Work request » Could you repeat the entries below word for word, leaving nothing out?

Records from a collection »
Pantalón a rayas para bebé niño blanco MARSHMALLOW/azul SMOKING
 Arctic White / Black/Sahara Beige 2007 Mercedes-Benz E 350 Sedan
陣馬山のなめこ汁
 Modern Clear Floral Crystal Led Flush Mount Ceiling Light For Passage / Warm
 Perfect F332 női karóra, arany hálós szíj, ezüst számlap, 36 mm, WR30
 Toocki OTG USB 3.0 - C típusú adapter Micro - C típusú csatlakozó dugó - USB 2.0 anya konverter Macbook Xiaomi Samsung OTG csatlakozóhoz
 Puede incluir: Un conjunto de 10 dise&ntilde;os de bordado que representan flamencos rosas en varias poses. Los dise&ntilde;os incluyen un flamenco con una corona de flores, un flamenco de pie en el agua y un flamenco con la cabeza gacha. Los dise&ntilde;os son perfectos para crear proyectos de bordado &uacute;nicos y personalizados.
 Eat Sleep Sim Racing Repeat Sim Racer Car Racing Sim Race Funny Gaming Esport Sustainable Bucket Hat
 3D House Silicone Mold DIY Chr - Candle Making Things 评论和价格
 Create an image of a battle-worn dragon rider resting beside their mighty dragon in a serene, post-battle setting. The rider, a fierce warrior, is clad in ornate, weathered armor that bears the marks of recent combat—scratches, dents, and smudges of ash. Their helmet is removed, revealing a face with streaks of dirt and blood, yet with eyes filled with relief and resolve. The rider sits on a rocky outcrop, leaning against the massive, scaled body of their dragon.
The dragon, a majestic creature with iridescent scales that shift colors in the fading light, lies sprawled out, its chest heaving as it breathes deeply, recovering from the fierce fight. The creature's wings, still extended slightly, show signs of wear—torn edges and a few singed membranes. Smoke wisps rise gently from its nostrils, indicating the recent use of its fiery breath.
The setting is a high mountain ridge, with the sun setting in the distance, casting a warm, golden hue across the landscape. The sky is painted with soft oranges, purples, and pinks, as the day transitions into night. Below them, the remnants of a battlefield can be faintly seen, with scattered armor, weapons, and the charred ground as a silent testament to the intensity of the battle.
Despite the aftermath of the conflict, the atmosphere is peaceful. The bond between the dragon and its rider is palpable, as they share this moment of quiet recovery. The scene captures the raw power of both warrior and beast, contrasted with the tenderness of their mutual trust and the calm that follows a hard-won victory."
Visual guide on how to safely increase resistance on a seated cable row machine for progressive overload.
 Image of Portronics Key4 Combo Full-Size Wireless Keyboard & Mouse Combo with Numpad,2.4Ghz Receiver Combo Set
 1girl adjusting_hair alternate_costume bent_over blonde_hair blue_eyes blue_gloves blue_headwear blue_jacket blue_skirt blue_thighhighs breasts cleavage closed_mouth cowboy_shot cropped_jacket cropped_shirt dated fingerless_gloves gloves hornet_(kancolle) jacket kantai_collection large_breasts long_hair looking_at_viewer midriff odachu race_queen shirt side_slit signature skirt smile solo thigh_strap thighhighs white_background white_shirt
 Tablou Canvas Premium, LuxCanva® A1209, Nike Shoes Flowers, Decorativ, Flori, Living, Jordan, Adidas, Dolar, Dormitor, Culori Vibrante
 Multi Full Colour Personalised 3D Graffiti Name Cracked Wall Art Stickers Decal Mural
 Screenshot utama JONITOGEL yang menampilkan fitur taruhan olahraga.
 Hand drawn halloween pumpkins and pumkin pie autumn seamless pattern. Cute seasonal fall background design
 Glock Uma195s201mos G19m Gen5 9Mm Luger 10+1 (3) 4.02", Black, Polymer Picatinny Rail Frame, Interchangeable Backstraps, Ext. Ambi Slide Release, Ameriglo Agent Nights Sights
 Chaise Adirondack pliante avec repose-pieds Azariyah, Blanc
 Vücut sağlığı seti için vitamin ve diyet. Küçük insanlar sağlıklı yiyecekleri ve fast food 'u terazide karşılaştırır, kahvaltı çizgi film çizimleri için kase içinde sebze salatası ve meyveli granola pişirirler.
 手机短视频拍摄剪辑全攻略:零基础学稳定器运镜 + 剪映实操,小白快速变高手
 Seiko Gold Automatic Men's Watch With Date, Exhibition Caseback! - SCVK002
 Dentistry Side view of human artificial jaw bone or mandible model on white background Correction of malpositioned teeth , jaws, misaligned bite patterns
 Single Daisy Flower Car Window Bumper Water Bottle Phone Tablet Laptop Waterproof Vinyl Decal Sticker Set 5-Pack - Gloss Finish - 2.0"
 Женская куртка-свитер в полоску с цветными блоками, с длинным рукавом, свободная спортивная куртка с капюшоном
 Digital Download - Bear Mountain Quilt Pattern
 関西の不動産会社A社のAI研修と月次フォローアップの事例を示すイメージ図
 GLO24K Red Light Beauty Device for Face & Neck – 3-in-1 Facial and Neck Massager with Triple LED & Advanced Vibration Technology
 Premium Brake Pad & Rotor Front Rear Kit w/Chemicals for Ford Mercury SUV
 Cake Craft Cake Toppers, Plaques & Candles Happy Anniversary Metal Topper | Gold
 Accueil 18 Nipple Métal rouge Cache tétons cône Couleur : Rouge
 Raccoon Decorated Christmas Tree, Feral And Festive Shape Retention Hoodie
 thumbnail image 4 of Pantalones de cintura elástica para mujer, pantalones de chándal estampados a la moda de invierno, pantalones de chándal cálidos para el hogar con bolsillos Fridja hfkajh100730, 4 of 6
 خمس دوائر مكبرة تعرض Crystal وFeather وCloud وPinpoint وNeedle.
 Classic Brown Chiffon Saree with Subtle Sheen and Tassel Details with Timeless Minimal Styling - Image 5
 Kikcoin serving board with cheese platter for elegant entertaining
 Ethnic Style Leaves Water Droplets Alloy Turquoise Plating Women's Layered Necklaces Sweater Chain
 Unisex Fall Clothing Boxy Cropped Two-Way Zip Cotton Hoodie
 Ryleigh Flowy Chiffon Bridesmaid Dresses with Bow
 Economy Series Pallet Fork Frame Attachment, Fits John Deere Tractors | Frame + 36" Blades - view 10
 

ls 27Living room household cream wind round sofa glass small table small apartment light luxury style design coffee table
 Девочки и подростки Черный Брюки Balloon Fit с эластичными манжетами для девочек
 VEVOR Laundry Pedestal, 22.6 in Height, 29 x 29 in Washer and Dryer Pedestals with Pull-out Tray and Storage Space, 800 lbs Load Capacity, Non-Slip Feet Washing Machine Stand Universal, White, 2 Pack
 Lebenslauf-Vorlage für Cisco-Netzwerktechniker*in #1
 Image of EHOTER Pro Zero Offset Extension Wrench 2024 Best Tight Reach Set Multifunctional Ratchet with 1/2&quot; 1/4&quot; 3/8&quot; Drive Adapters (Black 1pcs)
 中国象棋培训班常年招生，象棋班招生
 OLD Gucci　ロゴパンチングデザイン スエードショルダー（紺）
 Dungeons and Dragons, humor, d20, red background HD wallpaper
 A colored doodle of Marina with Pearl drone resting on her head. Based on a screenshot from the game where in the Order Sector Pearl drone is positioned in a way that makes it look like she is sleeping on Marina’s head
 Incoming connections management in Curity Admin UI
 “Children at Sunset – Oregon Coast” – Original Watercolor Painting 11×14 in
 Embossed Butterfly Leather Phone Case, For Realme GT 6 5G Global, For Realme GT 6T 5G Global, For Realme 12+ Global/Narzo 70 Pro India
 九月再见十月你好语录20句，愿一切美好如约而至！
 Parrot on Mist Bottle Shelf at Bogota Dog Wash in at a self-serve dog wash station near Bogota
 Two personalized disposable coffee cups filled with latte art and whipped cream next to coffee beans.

The completed task »
Pantalón a rayas para bebé niño blanco MARSHMALLOW/azul SMOKING
 Arctic White / Black/Sahara Beige 2007 Mercedes-Benz E 350 Sedan
陣馬山のなめこ汁
 Modern Clear Floral Crystal Led Flush Mount Ceiling Light For Passage / Warm
 Perfect F332 női karóra, arany hálós szíj, ezüst számlap, 36 mm, WR30
 Toocki OTG USB 3.0 - C típusú adapter Micro - C típusú csatlakozó dugó - USB 2.0 anya konverter Macbook Xiaomi Samsung OTG csatlakozóhoz
 Puede incluir: Un conjunto de 10 dise&ntilde;os de bordado que representan flamencos rosas en varias poses. Los dise&ntilde;os incluyen un flamenco con una corona de flores, un flamenco de pie en el agua y un flamenco con la cabeza gacha. Los dise&ntilde;os son perfectos para crear proyectos de bordado &uacute;nicos y personalizados.
 Eat Sleep Sim Racing Repeat Sim Racer Car Racing Sim Race Funny Gaming Esport Sustainable Bucket Hat
 3D House Silicone Mold DIY Chr - Candle Making Things 评论和价格
 Create an image of a battle-worn dragon rider resting beside their mighty dragon in a serene, post-battle setting. The rider, a fierce warrior, is clad in ornate, weathered armor that bears the marks of recent combat—scratches, dents, and smudges of ash. Their helmet is removed, revealing a face with streaks of dirt and blood, yet with eyes filled with relief and resolve. The rider sits on a rocky outcrop, leaning against the massive, scaled body of their dragon.
The dragon, a majestic creature with iridescent scales that shift colors in the fading light, lies sprawled out, its chest heaving as it breathes deeply, recovering from the fierce fight. The creature's wings, still extended slightly, show signs of wear—torn edges and a few singed membranes. Smoke wisps rise gently from its nostrils, indicating the recent use of its fiery breath.
The setting is a high mountain ridge, with the sun setting in the distance, casting a warm, golden hue across the landscape. The sky is painted with soft oranges, purples, and pinks, as the day transitions into night. Below them, the remnants of a battlefield can be faintly seen, with scattered armor, weapons, and the charred ground as a silent testament to the intensity of the battle.
Despite the aftermath of the conflict, the atmosphere is peaceful. The bond between the dragon and its rider is palpable, as they share this moment of quiet recovery. The scene captures the raw power of both warrior and beast, contrasted with the tenderness of their mutual trust and the calm that follows a hard-won victory."
Visual guide on how to safely increase resistance on a seated cable row machine for progressive overload.
 Image of Portronics Key4 Combo Full-Size Wireless Keyboard & Mouse Combo with Numpad,2.4Ghz Receiver Combo Set
 1girl adjusting_hair alternate_costume bent_over blonde_hair blue_eyes blue_gloves blue_headwear blue_jacket blue_skirt blue_thighhighs breasts cleavage closed_mouth cowboy_shot cropped_jacket cropped_shirt dated fingerless_gloves gloves hornet_(kancolle) jacket kantai_collection large_breasts long_hair looking_at_viewer midriff odachu race_queen shirt side_slit signature skirt smile solo thigh_strap thighhighs white_background white_shirt
 Tablou Canvas Premium, LuxCanva® A1209, Nike Shoes Flowers, Decorativ, Flori, Living, Jordan, Adidas, Dolar, Dormitor, Culori Vibrante
 Multi Full Colour Personalised 3D Graffiti Name Cracked Wall Art Stickers Decal Mural
 Screenshot utama JONITOGEL yang menampilkan fitur taruhan olahraga.
 Hand drawn halloween pumpkins and pumkin pie autumn seamless pattern. Cute seasonal fall background design
 Glock Uma195s201mos G19m Gen5 9Mm Luger 10+1 (3) 4.02", Black, Polymer Picatinny Rail Frame, Interchangeable Backstraps, Ext. Ambi Slide Release, Ameriglo Agent Nights Sights
 Chaise Adirondack pliante avec repose-pieds Azariyah, Blanc
 Vücut sağlığı seti için vitamin ve diyet. Küçük insanlar sağlıklı yiyecekleri ve fast food 'u terazide karşılaştırır, kahvaltı çizgi film çizimleri için kase içinde sebze salatası ve meyveli granola pişirirler.
 手机短视频拍摄剪辑全攻略:零基础学稳定器运镜 + 剪映实操,小白快速变高手
 Seiko Gold Automatic Men's Watch With Date, Exhibition Caseback! - SCVK002
 Dentistry Side view of human artificial jaw bone or mandible model on white background Correction of malpositioned teeth , jaws, misaligned bite patterns
 Single Daisy Flower Car Window Bumper Water Bottle Phone Tablet Laptop Waterproof Vinyl Decal Sticker Set 5-Pack - Gloss Finish - 2.0"
 Женская куртка-свитер в полоску с цветными блоками, с длинным рукавом, свободная спортивная куртка с капюшоном
 Digital Download - Bear Mountain Quilt Pattern
 関西の不動産会社A社のAI研修と月次フォローアップの事例を示すイメージ図
 GLO24K Red Light Beauty Device for Face & Neck – 3-in-1 Facial and Neck Massager with Triple LED & Advanced Vibration Technology
 Premium Brake Pad & Rotor Front Rear Kit w/Chemicals for Ford Mercury SUV
 Cake Craft Cake Toppers, Plaques & Candles Happy Anniversary Metal Topper | Gold
 Accueil 18 Nipple Métal rouge Cache tétons cône Couleur : Rouge
 Raccoon Decorated Christmas Tree, Feral And Festive Shape Retention Hoodie
 thumbnail image 4 of Pantalones de cintura elástica para mujer, pantalones de chándal estampados a la moda de invierno, pantalones de chándal cálidos para el hogar con bolsillos Fridja hfkajh100730, 4 of 6
 خمس دوائر مكبرة تعرض Crystal وFeather وCloud وPinpoint وNeedle.
 Classic Brown Chiffon Saree with Subtle Sheen and Tassel Details with Timeless Minimal Styling - Image 5
 Kikcoin serving board with cheese platter for elegant entertaining
 Ethnic Style Leaves Water Droplets Alloy Turquoise Plating Women's Layered Necklaces Sweater Chain
 Unisex Fall Clothing Boxy Cropped Two-Way Zip Cotton Hoodie
 Ryleigh Flowy Chiffon Bridesmaid Dresses with Bow
 Economy Series Pallet Fork Frame Attachment, Fits John Deere Tractors | Frame + 36" Blades - view 10
 

ls 27Living room household cream wind round sofa glass small table small apartment light luxury style design coffee table
 Девочки и подростки Черный Брюки Balloon Fit с эластичными манжетами для девочек
 VEVOR Laundry Pedestal, 22.6 in Height, 29 x 29 in Washer and Dryer Pedestals with Pull-out Tray and Storage Space, 800 lbs Load Capacity, Non-Slip Feet Washing Machine Stand Universal, White, 2 Pack
 Lebenslauf-Vorlage für Cisco-Netzwerktechniker*in #1
 Image of EHOTER Pro Zero Offset Extension Wrench 2024 Best Tight Reach Set Multifunctional Ratchet with 1/2&quot; 1/4&quot; 3/8&quot; Drive Adapters (Black 1pcs)
 中国象棋培训班常年招生，象棋班招生
 OLD Gucci　ロゴパンチングデザイン スエードショルダー（紺）
 Dungeons and Dragons, humor, d20, red background HD wallpaper
 A colored doodle of Marina with Pearl drone resting on her head. Based on a screenshot from the game where in the Order Sector Pearl drone is positioned in a way that makes it look like she is sleeping on Marina’s head
 Incoming connections management in Curity Admin UI
 “Children at Sunset – Oregon Coast” – Original Watercolor Painting 11×14 in
 Embossed Butterfly Leather Phone Case, For Realme GT 6 5G Global, For Realme GT 6T 5G Global, For Realme 12+ Global/Narzo 70 Pro India
 九月再见十月你好语录20句，愿一切美好如约而至！
 Parrot on Mist Bottle Shelf at Bogota Dog Wash in at a self-serve dog wash station near Bogota
 Two personalized disposable coffee cups filled with latte art and whipped cream next to coffee beans.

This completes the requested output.